Trading soldiers' lives for election-year votes
■"A Reader's Guide to Base Closings," editorial, New York Times, 28 August 2005, p. WK9.■"Threat of Submarine Base Closing United Connecticut's Delegation: On the same side in this fight, but wait until the elections next year," by William Yardley, New York Times, 28 August 2005, p. A19.
The Connecticut delegation is all patting one another on the back for their heroic stance to save jobs in their districts, as Groton is spared. Good for them, but too bad for the SysAdmin forces that will continue to be shortchanged as a result. Lives will be lost needlessly over the coming years, as our boots on the ground will reach for equipment that is not there, await information flows that do not arrive in time, suffer wounds that could have been prevented, and await relief that does not arrive because there are too few bodies—and politicians such as these will be to blame. They will have blood on their hands and votes in their pockets.

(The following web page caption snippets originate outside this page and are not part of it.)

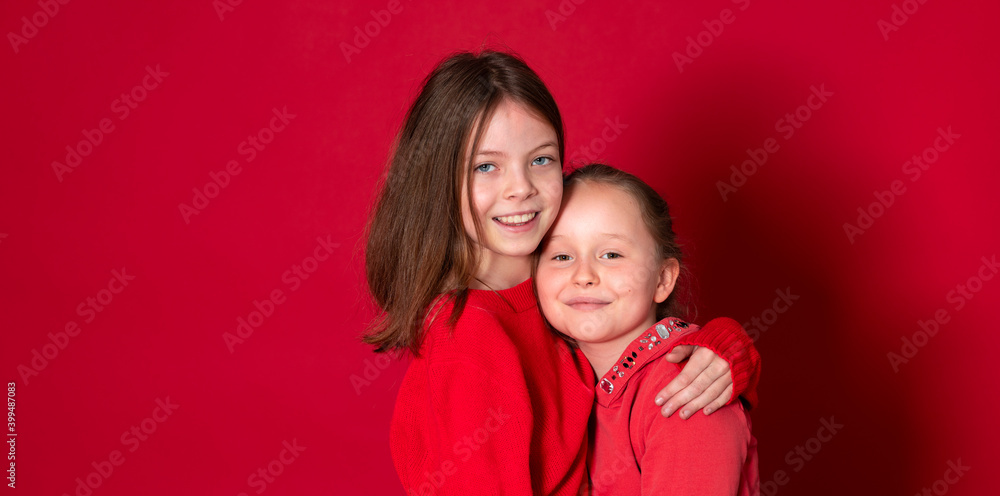 best girlfriends wearing red clothes posing and standing in front of red background best girlfriends wearing red clothes posing and standing in front of red background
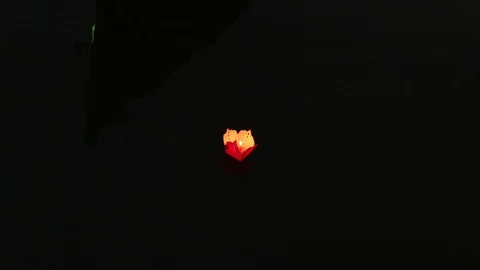 An envelope with a candle floats on the river 库存影片 128277379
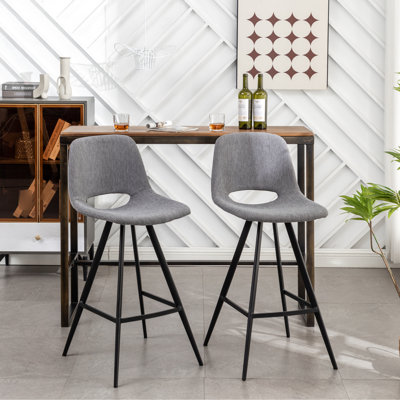 Tabouret gris à hauteur de comptoir (2 pièces). Revêtement confortable. Pieds en métal. Repose-pieds intégré pour plus de confort. 15 po. Dossier de 28,25 po. Assise de 2. Pieds confortables avec finition noire. Repose-pieds. 17,5 po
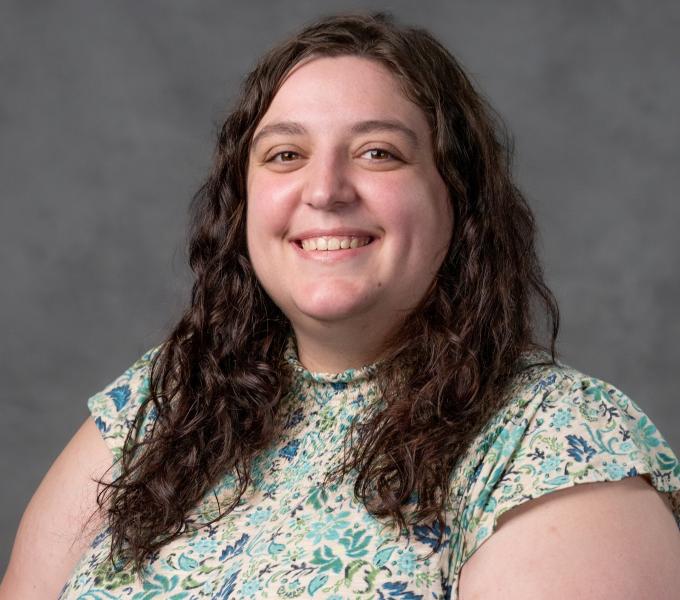 Headshot of a smiling woman with brown curly hair in a short-sleeved paisley shirt.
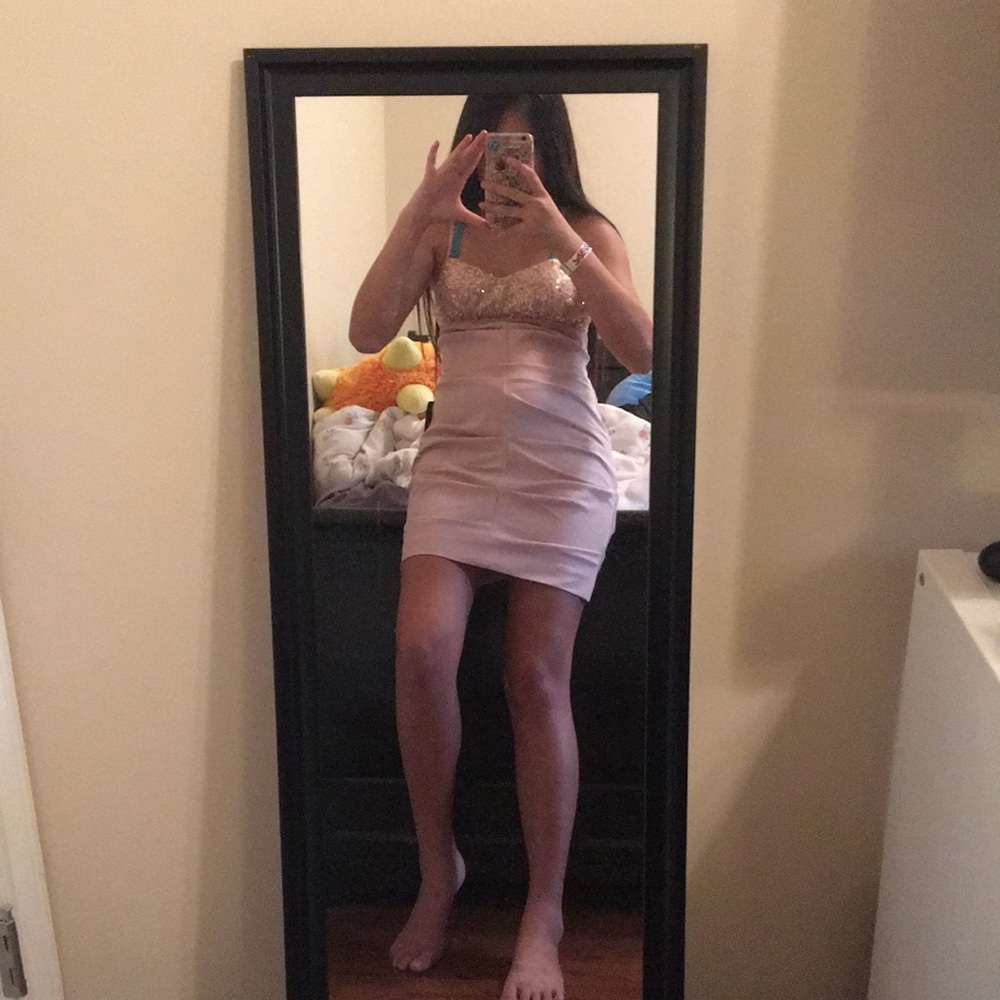 A light pink dress with glitter at the top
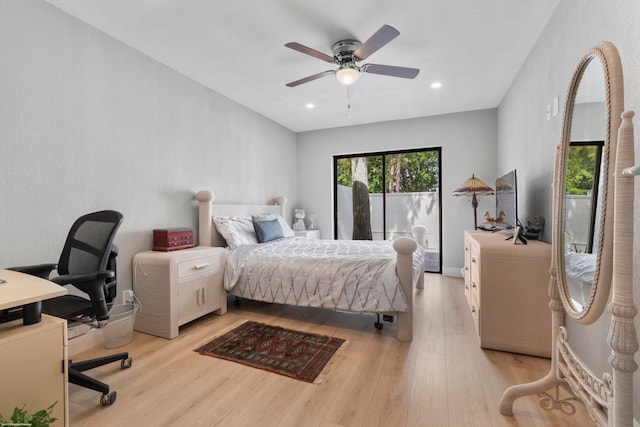 bedroom with ceiling fan and light hardwood / wood-style flooring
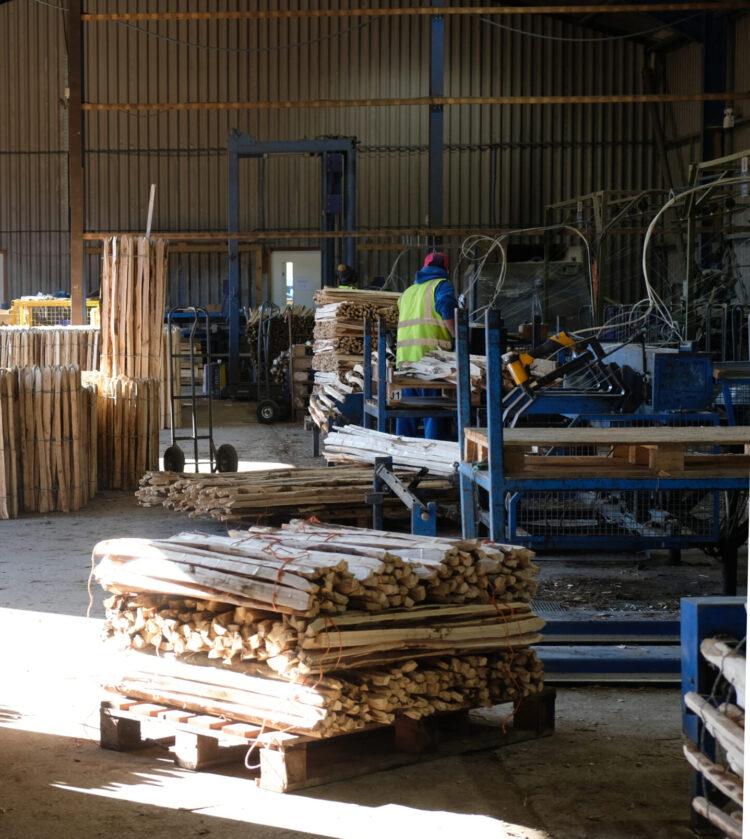stacks of chestnut pale fencing in the Torry Hill Chestnut Fencing factory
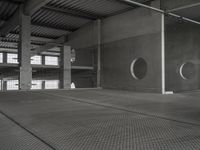 an empty garage with several circular holes in the walls and flooring that leads to a large area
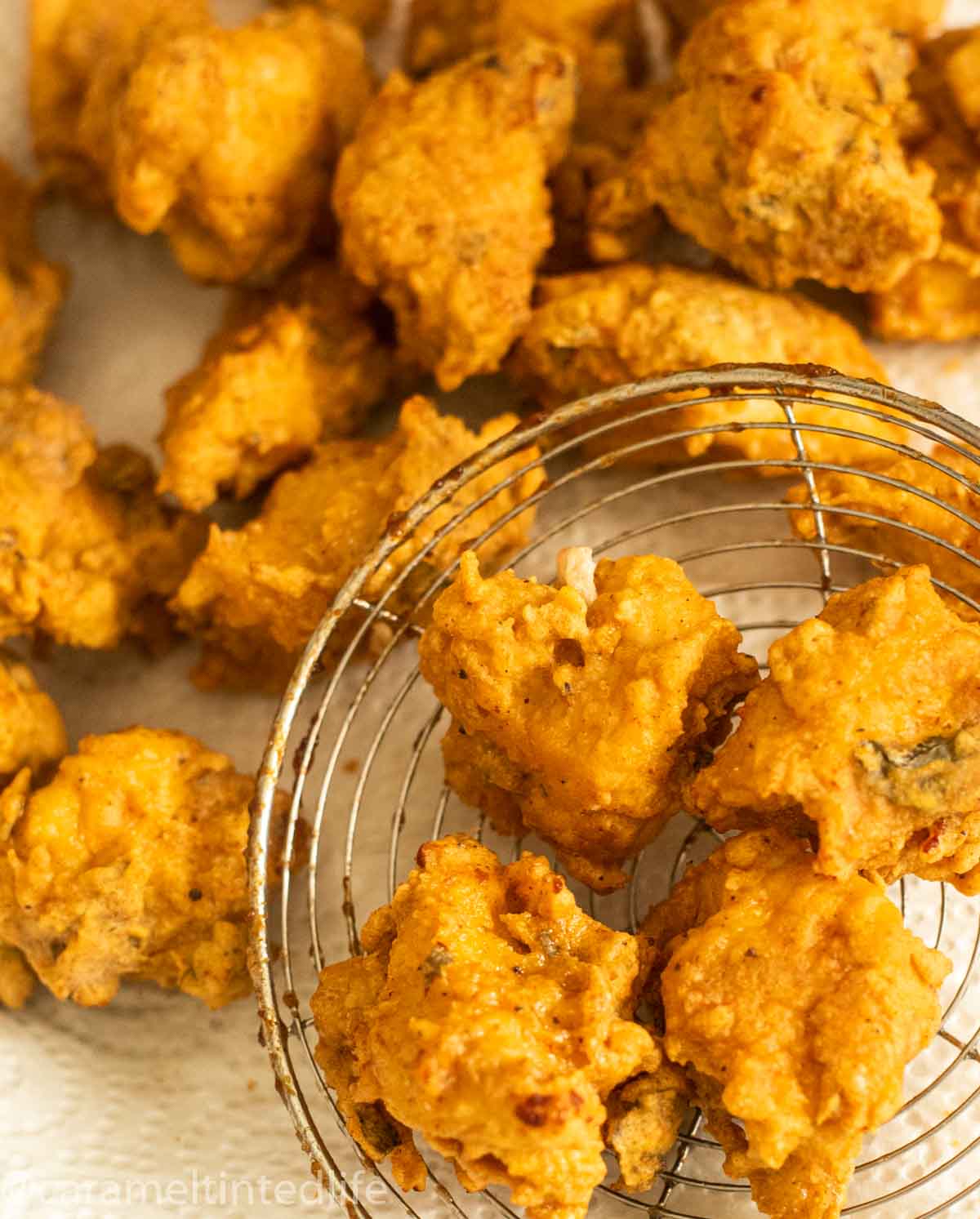 Chicken pakoras from the frying pan, on a kitchen towel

The NYT editorial says it all:
"We wish the commissioners had paid more heed to the fact that the counterinsurgency wars America has so far been fighting in the 21st century are very different from the kind of superpower conflicts it built its current forces and base structure around. The military's current deficiencies have nothing to do with the staggeringly advanced and expensive fighter jets and submarines that the services so love to order and military contracgtors so love to build. The problem lies in the less profitable and less politically networked areas of ground fighting forces and basic supplies.
Lieberman and Dodd should be ashamed of themselves. Both pretend to be national leaders and both were so full of shit on this deal as to defy reason.
Both make me ashamed to be a registered Democrat.